Al vrij snel vinden we er een open plaats, niet al te ver van de weg. We zetten de tent op met de ingang naar het bos. De bomen rond de tent zijn goed te zien, maar verderop is het aardedonker. Het ziet er geheimzinnig uit en we krijgen allebei het gevoel dat er daar iets naar ons kijkt. Aangezien we met zo’n gevoel niet kunnen gaan slapen, besluiten we gewapend met zaklampen een kijkje te nemen.
Het is er doodstil. Alleen wat takjes kraken onder onze laarzen. We volgen een pad vol kuilen waarin water staat met een dun laagje gebroken ijs, maar na honderd meter verdwijnt het pad in het niets. Ik doe mijn lamp uit. Alleen de maan verlicht de bomen en de sneeuw.
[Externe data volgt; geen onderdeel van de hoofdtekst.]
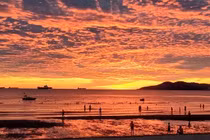 Bình minh ở biển Cửa Lò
Het is betoverend mooi, maar ook een beetje griezelig. Alsof er elk moment iets bovennatuurlijks kan gebeuren.
Die nacht meen ik nog diverse malen iets verdachts te horen. Toch gebeurt er niets. Pas als de zon opkomt verdwijnt met de duisternis ook de geheimzinnigheid. Alleen in mijn gedachten blijven ze, samen met alle andere herinneringen en vormen daar de reden voor deze reis en alle volgenden.